SUPPLIED INFORMATION START

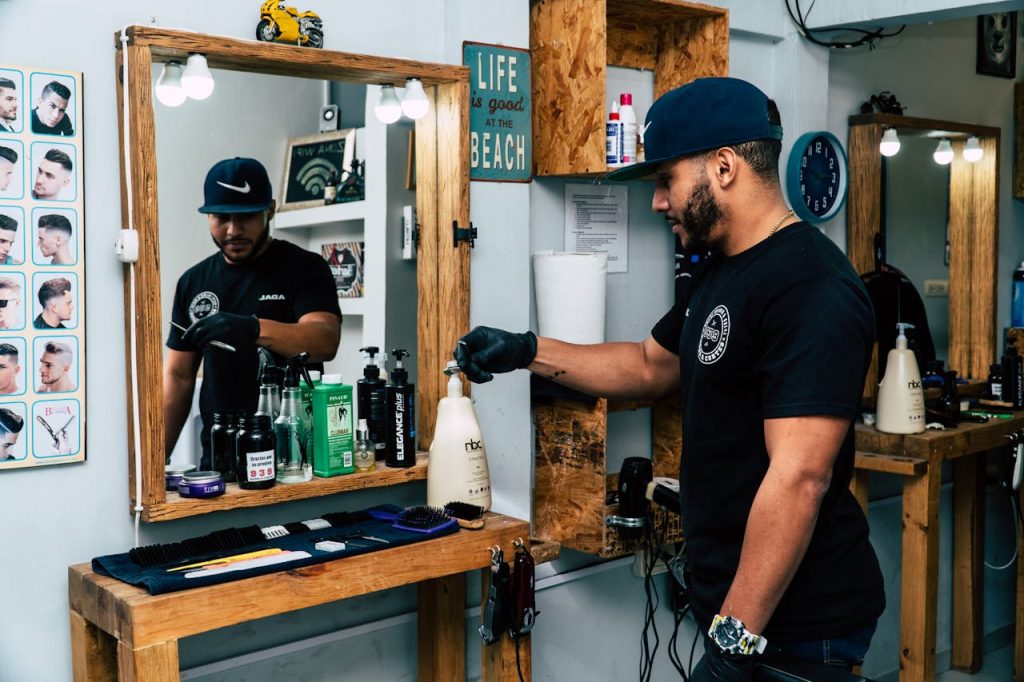 Crafting Captivating Headlines: Your awesome post title goes here A barber in a stylish shop preparing tools for a haircut. Modern interior design with mirrors and grooming products.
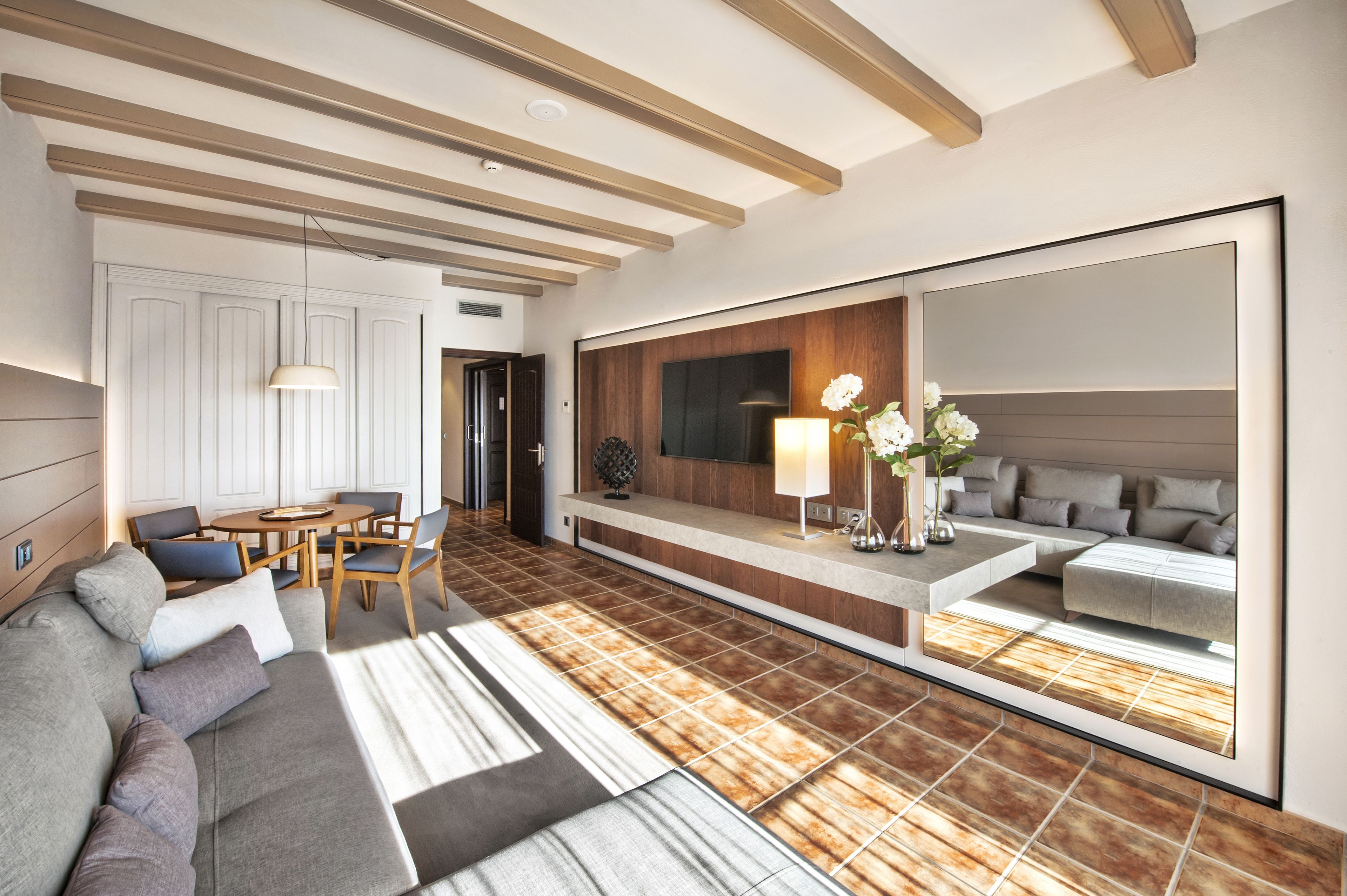 A modern living room with a sofa, dining table, chairs, and a large mirror reflecting a bedroom.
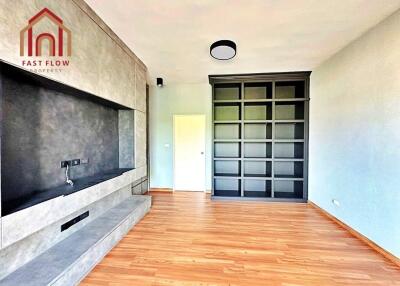 Modern living room with wooden flooring and built-in shelving.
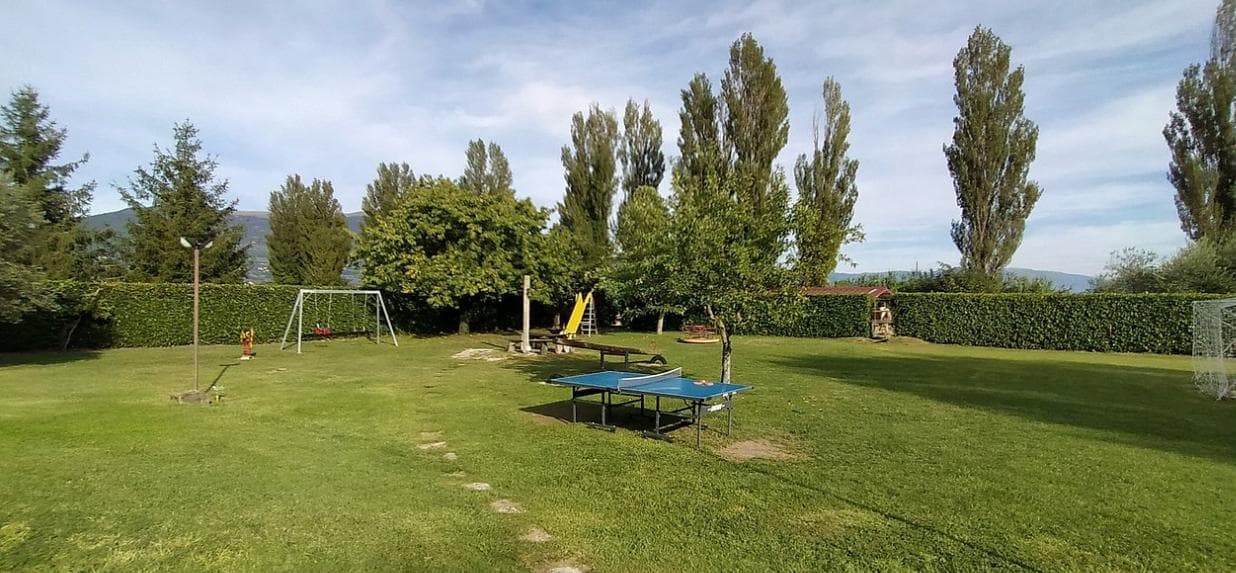 The playground at Agriturismo La Mora: swings, a yellow slide, a table-tennis table and a football goal on the lawn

SUPPLIED INFORMATION END

* **EXERCISE DESCRIPTION**:
Exclude every image and return the material above exactly.

* **RESULT OF THIS TASK**:
 Crafting Captivating Headlines: Your awesome post title goes here A barber in a stylish shop preparing tools for a haircut. Modern interior design with mirrors and grooming products.
 A modern living room with a sofa, dining table, chairs, and a large mirror reflecting a bedroom.
 Modern living room with wooden flooring and built-in shelving.
 The playground at Agriturismo La Mora: swings, a yellow slide, a table-tennis table and a football goal on the lawn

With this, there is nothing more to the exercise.